After a fleeting extroversion, Robert had recoiled observing the waves with a taciturn air.

"Everything okay, Robert?"

He emptied the bottle and dropped it on the sand.

"Eliana and I had another argument." Robert hesitated. "I assume Marco told you about our situation."

Marisa nodded and he went on: "It's getting harder to conciliate our differences. I have a gift and the obligation to alleviate the suffering of those who can't pay for medical care, but she won't accept that I devote myself to social projects."

"It was like that with Haiti?"

"It was like that with a number of things. Eliana doesn't understand me." Robert stood up. "Want to go for a swim?"

They waded into the sea and floated amid few words. Afterward the two stretched on their stomachs on the edge of the water with their elbows buried in wet sand and the waves licking their legs.
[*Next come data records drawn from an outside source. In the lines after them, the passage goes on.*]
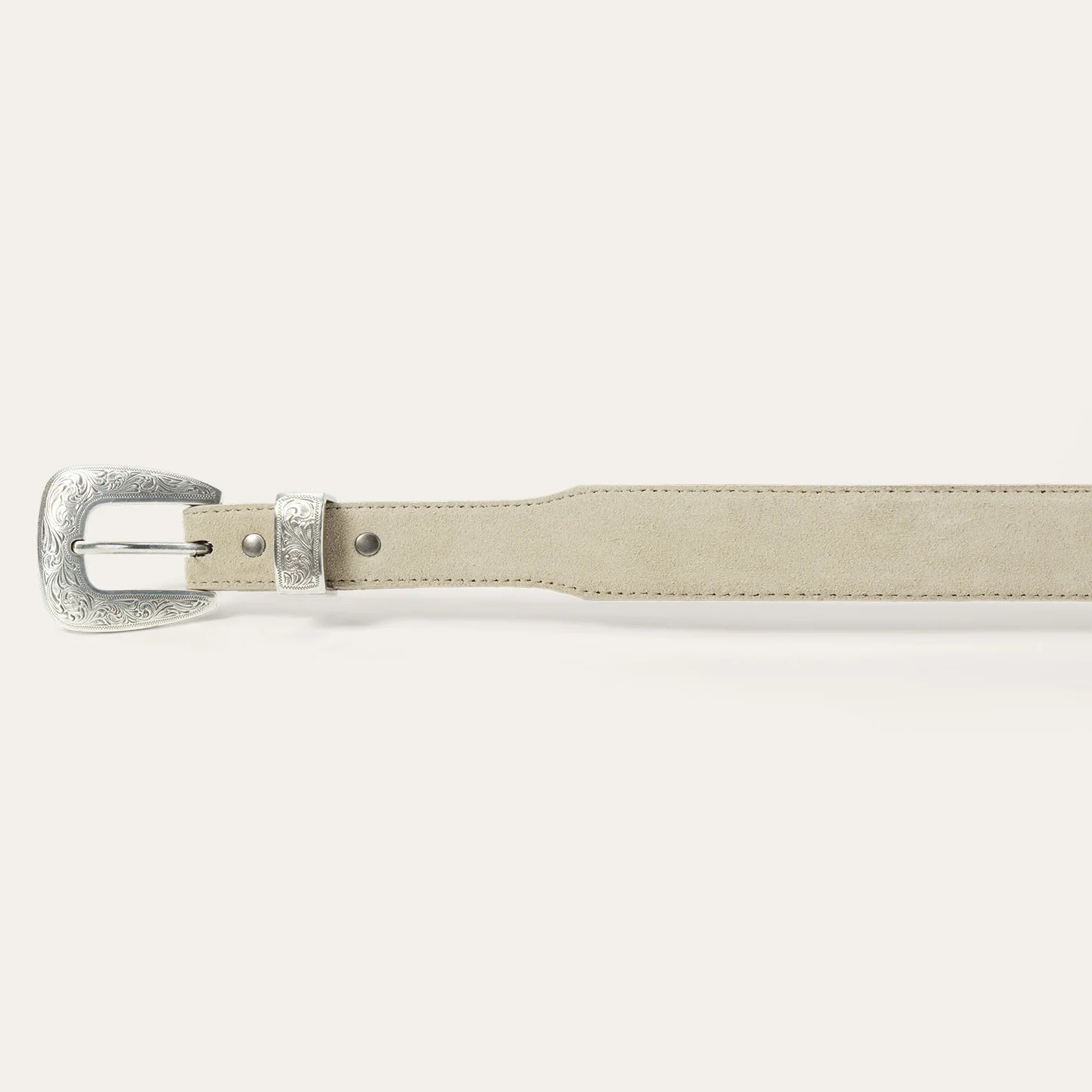 THE WESTERN NARROW BELT - CREAM WITH SILVER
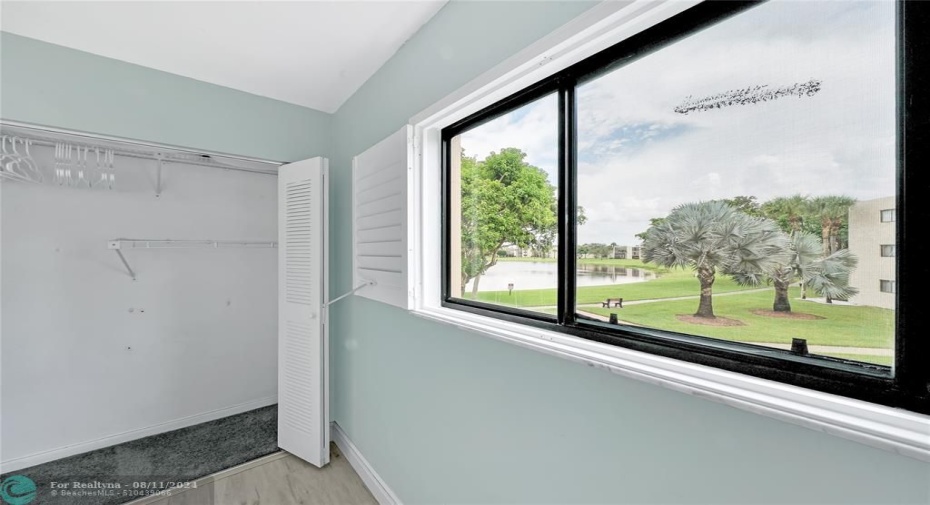 View of the lake from guest bedroom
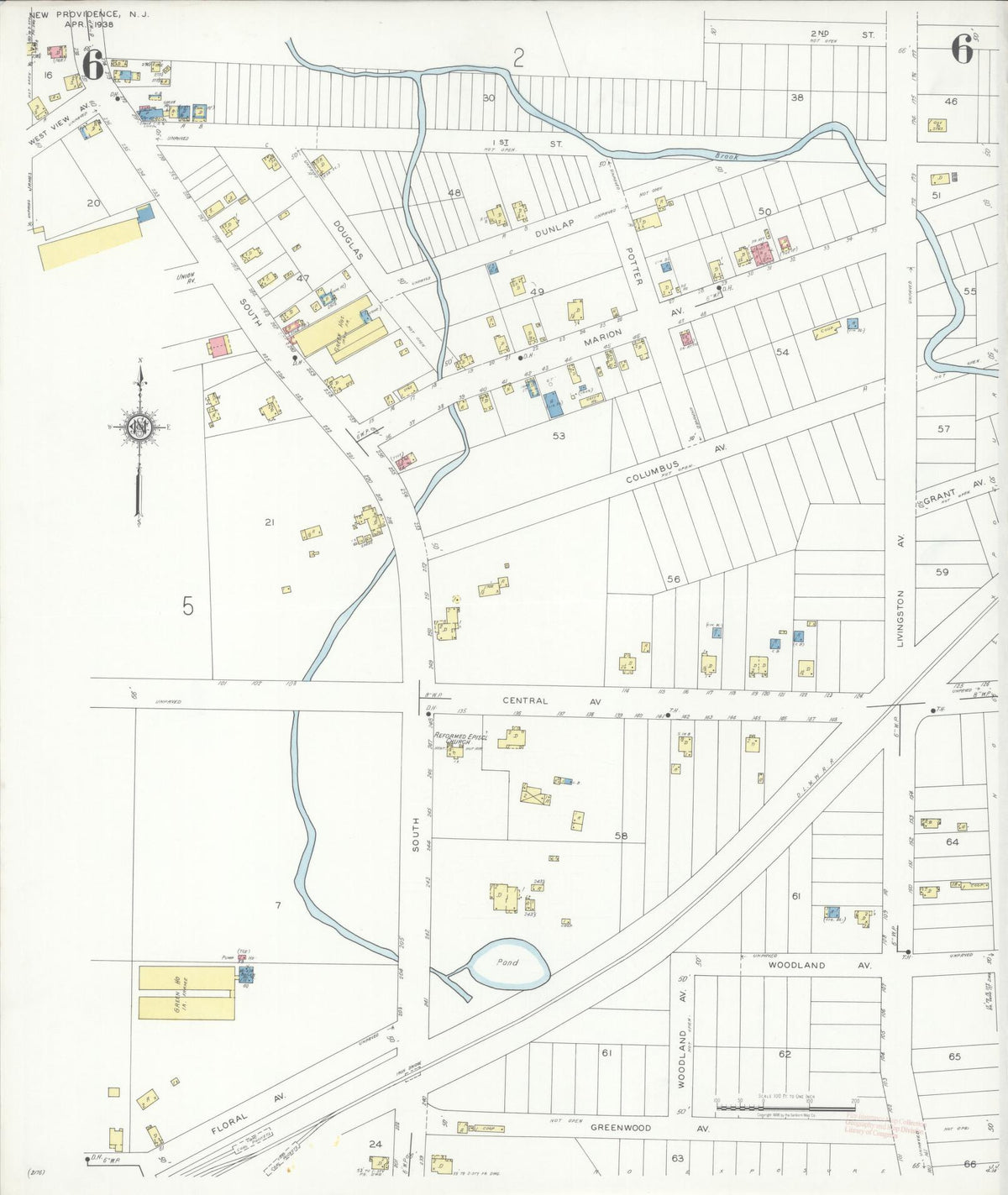 Sanborn Fire Insurance Map from New Providence, Union County, New Jersey (1938), Sheet #0006 - Complete Map Set gallery image, historic Sanborn map, vintage wall art, New Jersey New Jersey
Robert broke the silence without looking at Marisa.

"Don't you think Eliana and Marco seem too close?"

"What do you mean?"

"I wonder if they were just friends in San Francisco. It's been more than an hour since they left. The bar is less than fifteen minutes away."

Robert had guessed her thoughts and, nevertheless, she opted to dismiss his question. The answer disturbed her. Marco and Eliana's delay haven't gone unnoticed to her and it occurred to Marisa a progression of conjectures she was trying to keep at bay. Marco and Eliana in a lively conversation, stares, smiles, maybe a joke serving as an excuse for a dissimulated touch. Or something slightly different: the two of them deep in the forest, kisses, caresses underneath their swimsuits, body fluids.

No, absolutely not. Marco wouldn't do that, he himself had said he didn't tolerate betrayal. It was true that, when passion shot up to the brain, ethics and moral principles sank to the ground. At that point of her reasoning, Marisa rebuffed firmly: "Marco wouldn't lie to me."

"I'm not saying he and Eliana have necessarily lied," Robert clarified after a moment. "Sometimes people omit certain things to avoid problems. That's the reality of life. Imagine if in the past their bond went beyond friendship. Now they meet again and the situation has changed because each is in a relationship with someone else. But it may be that the attraction persists. In that case, the natural reaction is to omit their former relationship to avoid friction with you and me."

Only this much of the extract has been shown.